Yalanla toplum hafızasını manipüle eden, algı yanılsamaları yaratan, inanç sömürgenlerinin höykürmelerinde bolca demokrasi, özgürlük, adalet sosu kullanmaları ne hazin! Yandaş kanallar dışında televizyon izlemeyen, internet ile tanışmamış nice masum sayılabilecek seçmenlerin yanında her tür kirliliğin, yozlaşmanın farkında hatta bizzat yöneteni olanların tarihsel rolleri tıpkı Muaviye’ye suç ortaklığının tekerrür etmesi gibidir.

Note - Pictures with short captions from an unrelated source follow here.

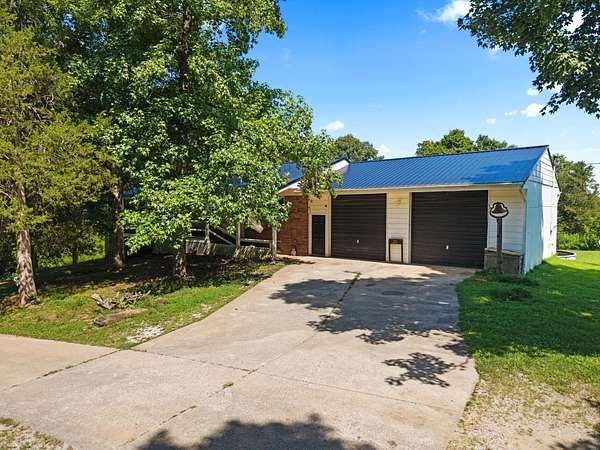 25 Acres of Recreational Land with Home for Sale in Princeton, Kentucky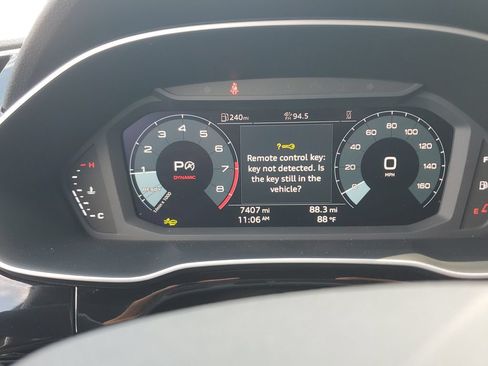 Certified 2025 Audi Q3 2.0T Premium Plus w/ Premium Plus Package AWD/4WD image 26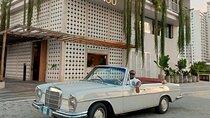 Cartagena Luxury Classic Car Tour + Bilingual Historian Guide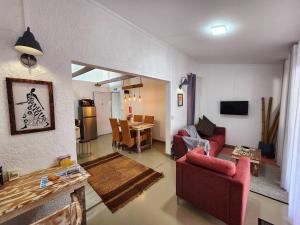 2-Bedroom Apt 3mins to Beach & Private Restaurant - TRR2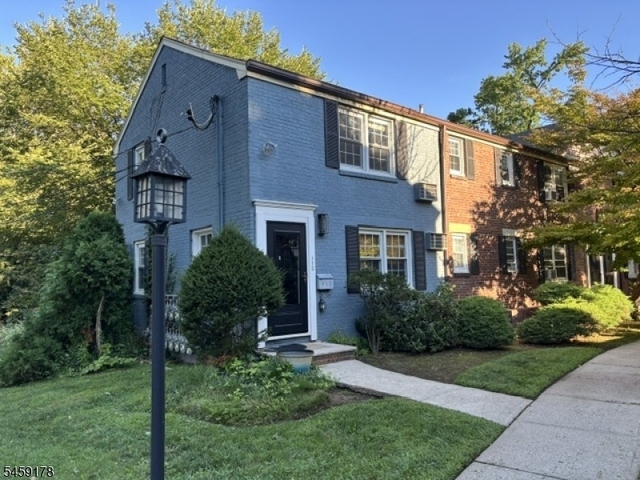112 Lincoln Park - Photo 1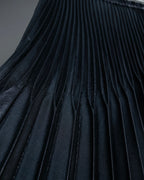 "UN3D." Shiny three-dimensional pleated skirt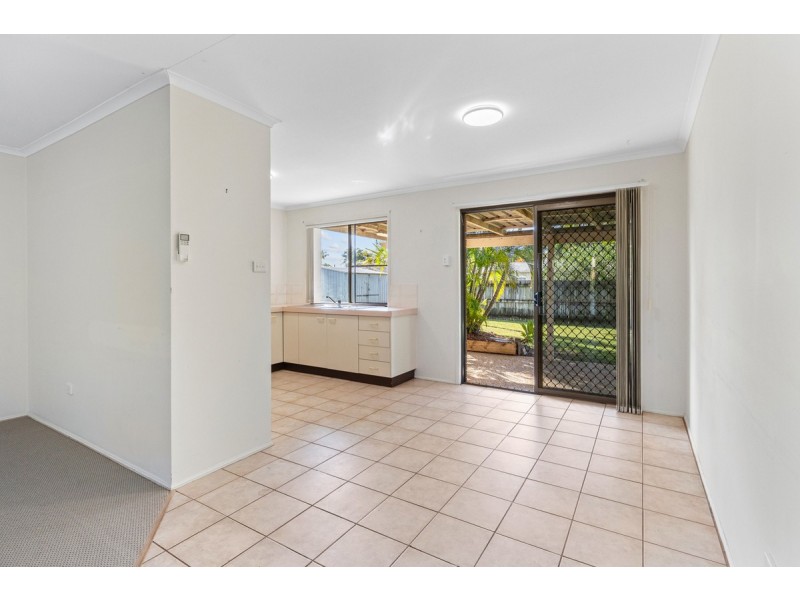 27 Terrier Court, Redland Bay QLD 4165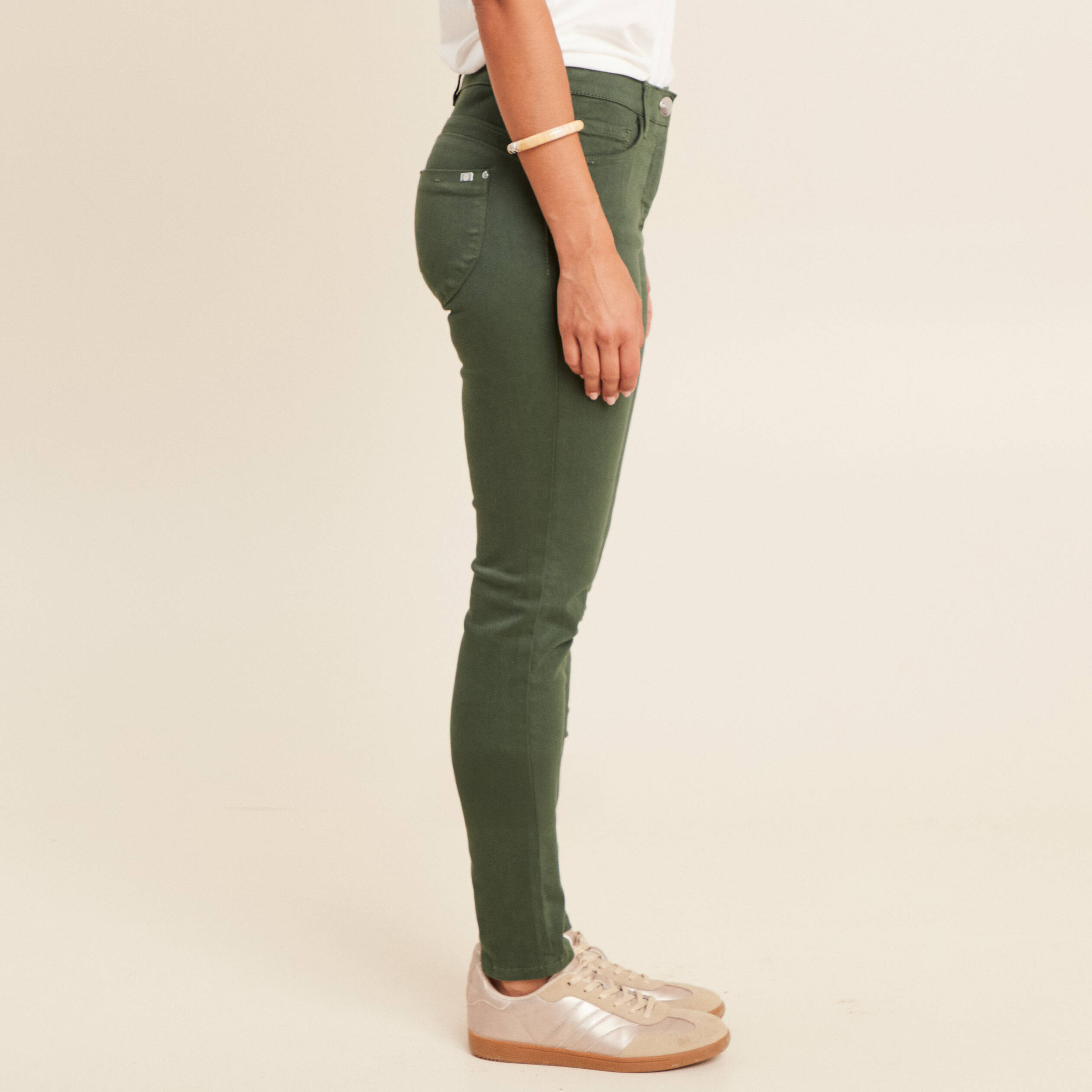Jean magique L'Unique coupe ajust&eacute;e vert bouteille femme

Şimdi deniliyor ki; “Başbakan,17 Aralık süreciyle başlayan yolsuzluk operasyonunun yansımalarından, iktidarı kaybetmekten korkuyor.” Ben bu teze inanmakta zorlanıyorum çünkü gücünü, kendisini ne yaparsa yapsın alkışlayanların varlığıyla sonsuz sandığını düşünüyorum. Paniklese bile asla inanmıyor iktidardan düşeceğine. Şu anda yapboz tahtasına dönüştürdüğü tüm devlet kurumlarının elinde olduğunu, ağzından çıkan her sözün emir telakki edileceğini biliyor, yaşıyor. O TTB’nin ilginç açıklamasındakine benzer farklı bir evrenin içinde belki de daha çok kudretinin sorgulanmasına öfkeleniyor, söylediği her söze en çok da kendisi inanıyor yoksa bu denli kolay gerçekleri saptırıp, uygulamaya soktuğu her tür dayatma ve yaptırımı hizmet diye sunmaya kalkmazdı. Korkan biri meydanlara çıkıp, kayıplarımızı “bizim ölümüz, sizin ölünüz” diye ayrıştırmaz, milyonların arkasından ağladığı, kolay kolay görülemeyecek bir cenaze töreni ile sonsuzluğa uğurlanan 15 yaşındaki bir çocuğun, devlet terörü ile öldürülmüş olduğu gerçeğini görmezden gelmez, suçluları ortaya çıkarmak yerine acılı annesini miting meydanlarında yuhalatmaz, Berkin’i terörist ilan etmeye kalkmazdı. Yaratılanı, yaratandan ötürü sevdiğini her tekrar edişinde kapkara bir yürek gözümün önüne gelen…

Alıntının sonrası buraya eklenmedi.